The road became more bumpy, but that didn’t stop my host to drive at full speed, giving me flashbacks of the hair rising bus ride the day before. The road led us higher and higher up into the tree-less mountains, the valley below slowly vanishing out of sight. It was busy with cars, trucks and motorbikes stirring up big clouds of dust, making it hard to see ahead. We came to a sudden standstill, a construction site blocked our way for the time being. The older boy and me kept each other busy with the camera whilst everyone else was chatting along in Tibetan.
We arrived at a little shop just as the sun was setting, drenching the snow capped mountains in a radiant orange glow. I was thrilled to witness this spectacle of nature and asked if I could send the drone up to take more photos. My host explained that we still had to drive a little further so I patiently waited in the car.
The ladies returned from the shop and passed us packs of nuts and dried green peas to eat. The sun had already vanished behind a thick grey cloud, when we reached our final stop. I had finally figured out where we were, when I spotted a sign for ‘natural hot spring’. My host gestured a sign for ‘washing’ whilst pointing to the entire family, followed by a sign for ‘walking’ and ‘taking photos’ and pointed to me.

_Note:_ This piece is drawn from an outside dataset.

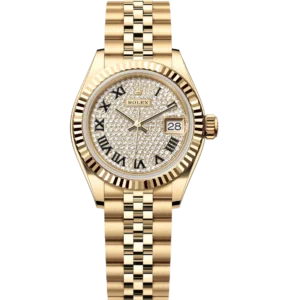 Rolex Lady-Datejust 28 Oyster Perpetual 18 ct yellow gold diamond-paved dial Jubilee band Reference 279178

I didn’t bring any change of clothes and was happy to spend the time walking in the countryside. A little path led me up along the stream towards the majestic rocky mountains and what looked like a hydro power station. I couldn’t help but wonder at the Chinese’s ability to destroy their most beautiful landscapes with an ugly structure like this one, as my eyes followed the huge metal pipes up the side of the mountain.

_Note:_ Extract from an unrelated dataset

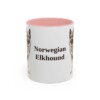 11oz Norwegian Elkhound Mug, Pink, front view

It was completely dark when we returned home, but we still had time for dinner with additional family members. A monk was one of them and he turned out to know a bit of English which made it a little easier to communicate. The food was variety of breads, fried potato slices and massive chunk of pure yak fat. I tried a piece everything but was not a big fan of the fat. It had a certain sheepish raw taste to it that didn’t go well on my stomach, but had to endure another go at it when I was offered one more slice.

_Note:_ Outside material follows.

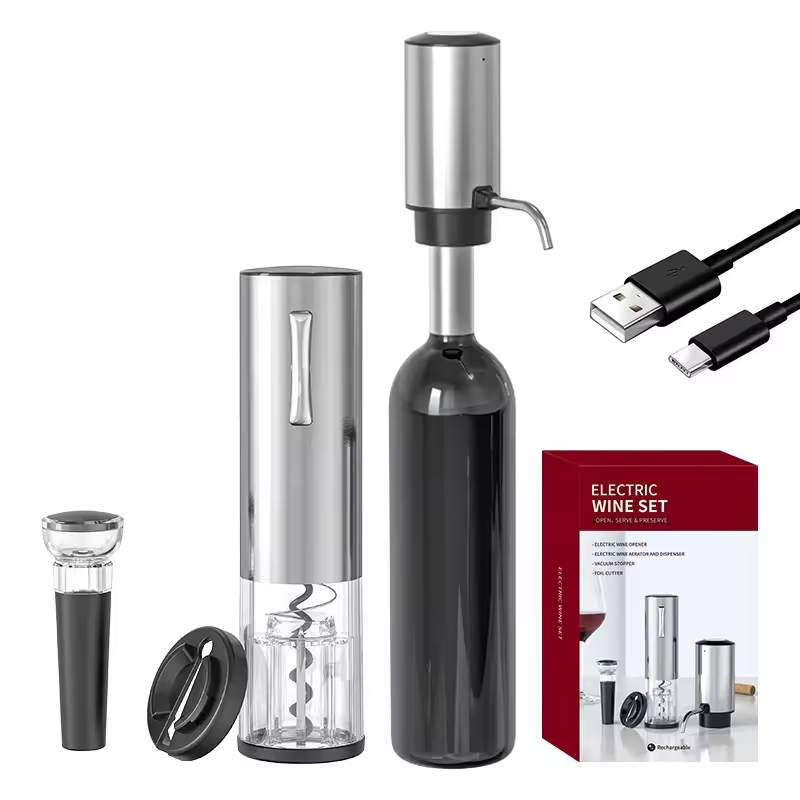 Wine Beer Opener - 2024 New Design 4-in-1 Lithium Rechargeable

The warm rays of the sun shining through the large windows, slowly woke me up from my sleep. I looked around to get my bearings, when I remembered where I was. A deep sense of joy filled my mind, and with a deep breath, I stood up and put on my clothes. The large room was made of light colored wood and resembled a log house from the inside. The only pieces of furniture was the mattress I had been sleeping on and a bed in the far corner of the room.
My host was already awake when I entered the kitchen and we shared the freshly baked flat bred, his wife had prepared. He led me up the stairs to the roof as he knew exactly what I wanted to do: to fly my drone.
The sun had just risen behind the mountain, bathing one side of the valley in peach colored light whilst the other remained in the shadow of the mountains. You could watch the shadow slowly recede as the sun rose higher up into to the sky, increasingly revealing the green meadows and white houses spewing light smoke, dotted in between.
I climbed up higher with the drone and could now see beyond the mountains that had blocked my view of the rocky peaks beyond. I felt a deep sense of pride as I took the photo, but at the same time realizing how lucky I was to be able to stay in this village with my Tibetan hosts.
Back in the kitchen my host was ready to leave for work and we said our goodbyes. I thanked him for hosting me in his home and we exchanged WeChat details to stay in touch, before he drove away in his motorbike.
It was now approaching 10am and I chose to spend the remaining time playing basketball with the older boy and showing him how to fly the drone. I took one last group photo with the grandma and the two children and gave a small present to the boy. The driver was already waiting in his van out in front of the house.
“This is what traveling should be like” I thought to myself as I waved goodbye to the boys and the grandma.